Ciri-ciri ini bersumber dari Pidato kebudayaan Mochtar Lubis tahun 1977 di Taman Ismail Marzuki yang telah dibukukan berjudul Manusia Indonesia.
Sebetulnya ada 6 ciri dan berbagai ciri-ciri lainnya yang dikemukakan oleh Mochtar Lubis, keenam ciri tersebut adalah munafik, enggan bertanggungjawab, feodal, percaya takhayul, berjiwa artistik dan berwatak lemah.
Saya bermaksud meringkas dan membahasnya hanya pada 3 ciri awal yang disebutkan, dengan memperbarui contoh-contoh yang saya temui sendiri dari pengalaman sehari-hari.
1. Munafik/Hipokrit
"Berpura-pura, lain di muka, lain di belakang, merupakan ciri utama manusia Indonesia sudah sejak lama." - Kutipan Halaman 23
Sifat ini, menurut analisa Mochtar Lubis berakar dari sistem feodal di masa lampau yang menekan kehendak atau perkataan yang sebenarnya ingin diungkapkan oleh manusia Indonesia.

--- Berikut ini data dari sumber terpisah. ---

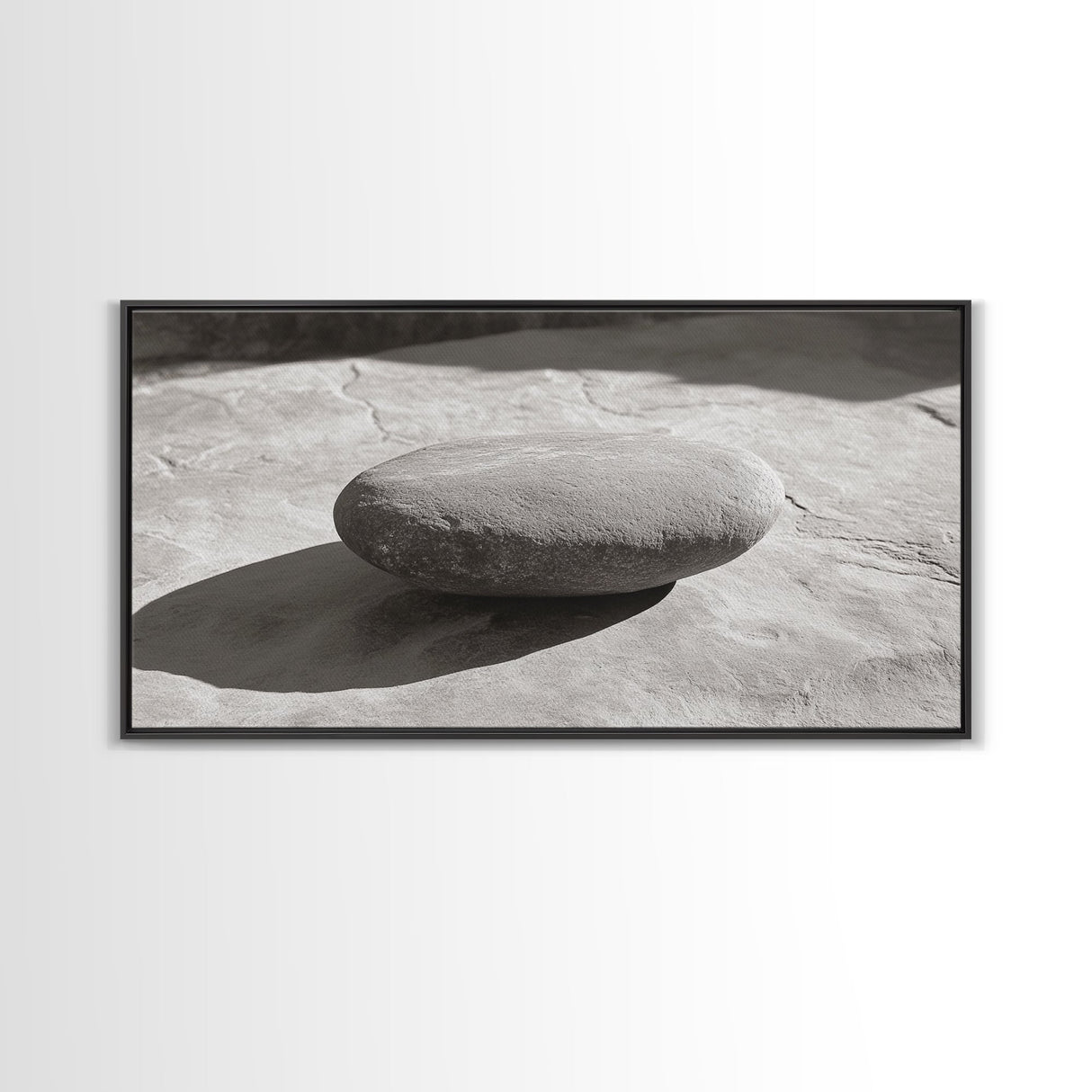 Zen Stone Focus, Natural Simplicity, Black and White Minimalist, Canvas Print, Spa Wall Art, Serene Bathroom Decor, Peaceful Aesthetic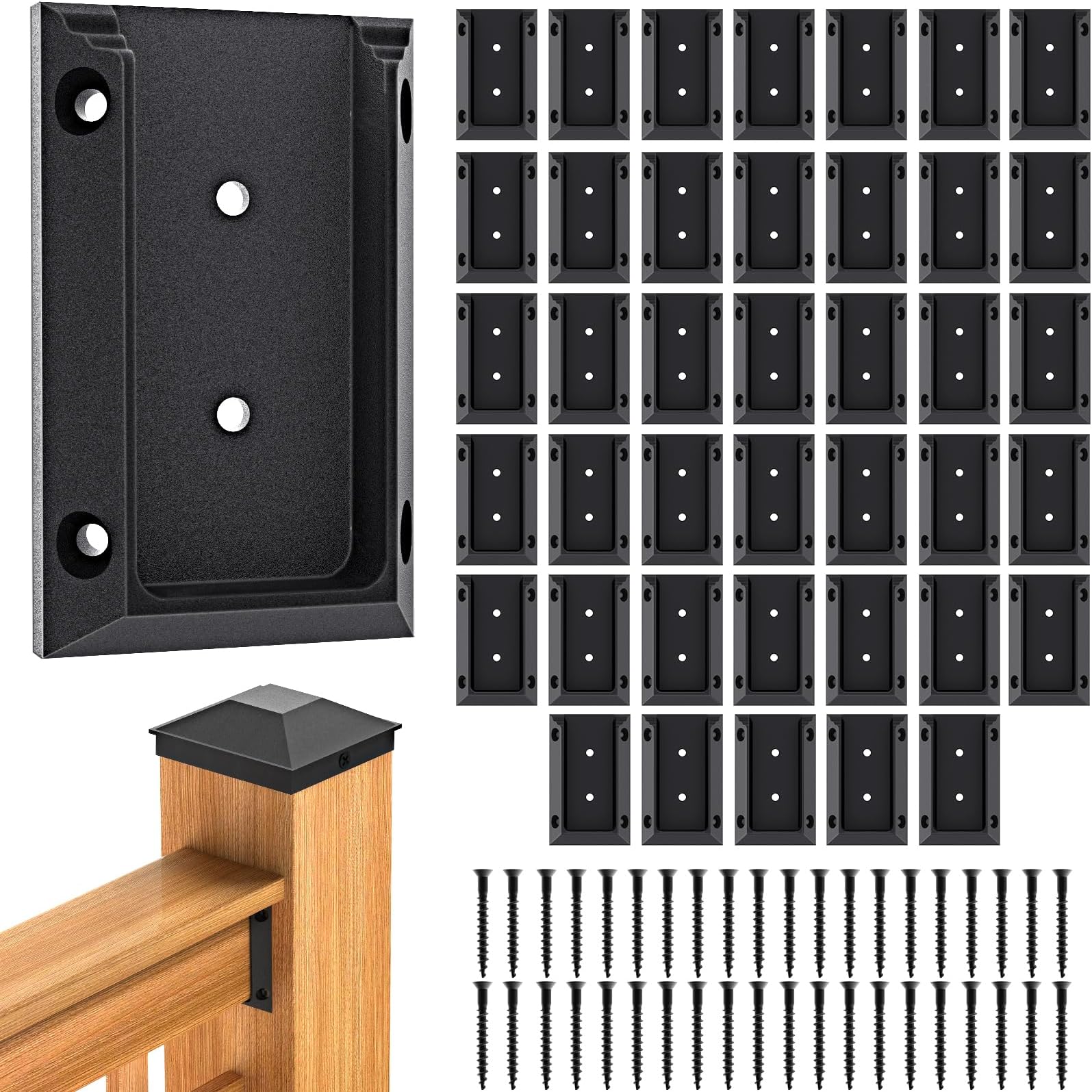 Goovilla Deck Railing Bracket Connectors, 2x4 Wood Lumber Post Brackets, 40 PCS Sturdy Nylon With 240 PCS Coating Screws for Wooden Stair Fence Handrail, Black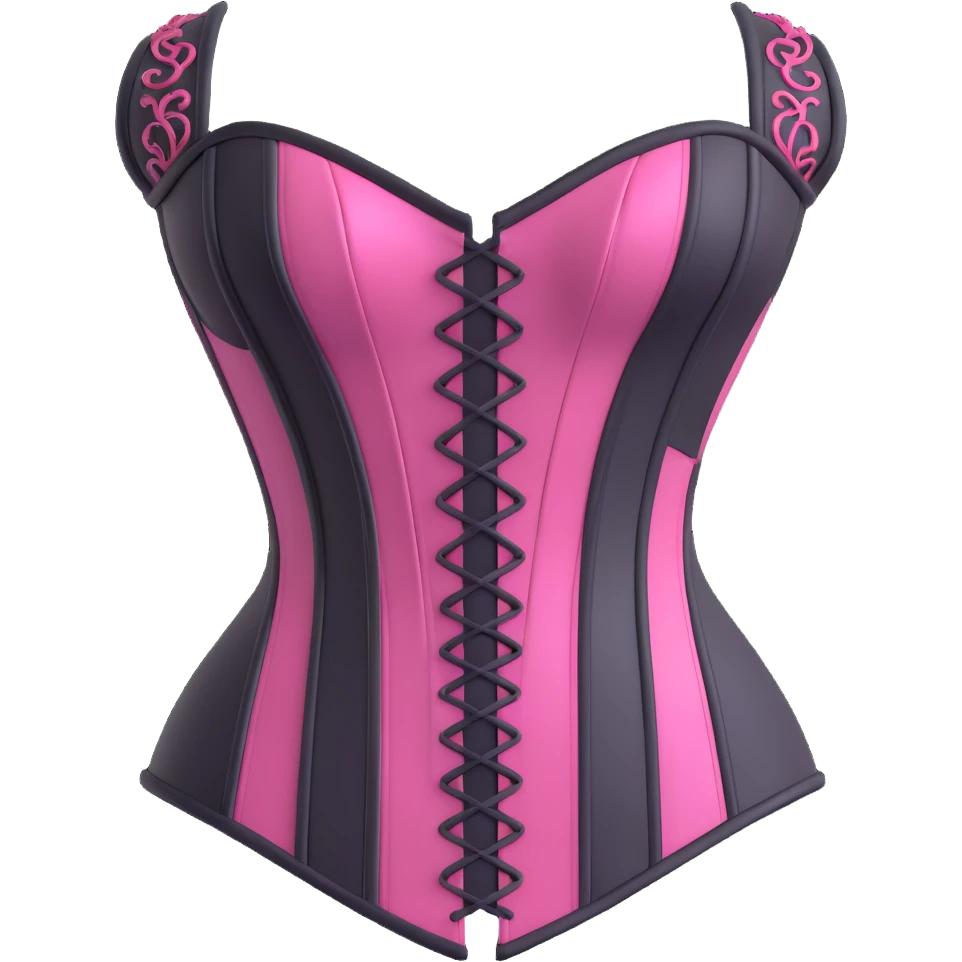 3D gothic corset with pink accents, vintage and dramatic emoji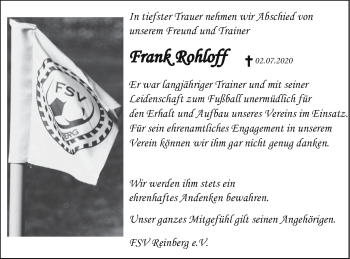 Traueranzeige von Frank Rohloff von Treptower Tageblatt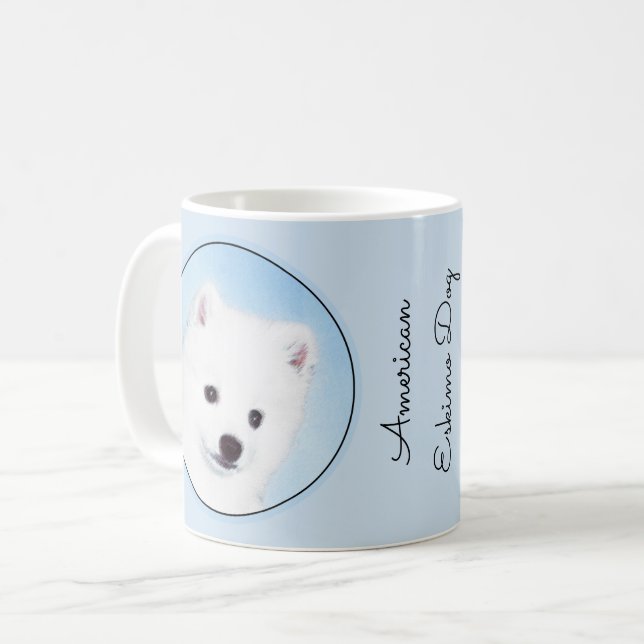 Mug American Eskimo Dog Painting - Original Dog Art (Devant gauche)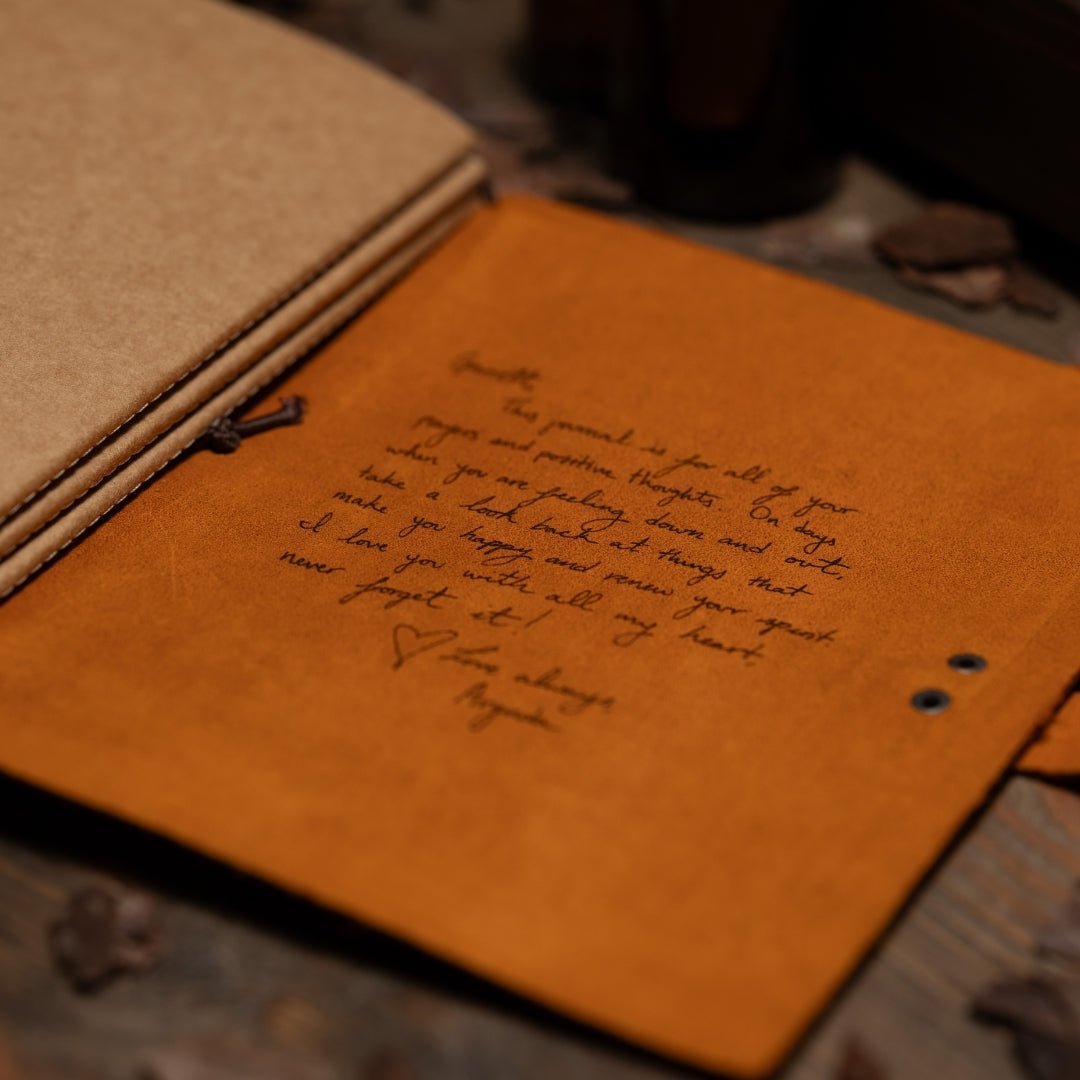 Personalized handmade leather journal notebook with custom engraving – SFDizayn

Ketakutan untuk berterus terang menjadi sumber dari sifat kemunafikan.
Apa yang dicontohkan oleh Mochtar Lubis, seperti pura-pura alim tetapi menyukai konten porno, sikap mengutuk korupsi tetapi dia sendiri seorang koruptor, hari ini kita masih menemukan contoh tersebut.
Setiap kontestasi politik nasional maupun daerah, kita seringkali juga menjumpai banyak kemunafikan.
Penilaian dan respon orang terhadap kesalahan atau perbuatan paslon yang dilakukan bisa sangat berbeda, walaupun kesalahan yang dilakukan persis sama.
Di jalan, kita sering melihat pelanggaran lalu lintas, walaupun barangkali orang yang melanggar tersebut menggerutu dan menuntut penegakan hukum yang adil.
Beberapa waktu yang lalu, kita juga melihat banyaknya pembelaan dan pembenaran terhadap kasus joki kuliah, meskipun mungkin orang yang membela joki ini juga adalah orang yang sama lantangnya mengkritik korupsi.
Akibat dari kemunafikan, menyebabkan tumbuh suburnya sifat ABS (Asal Bapak Senang).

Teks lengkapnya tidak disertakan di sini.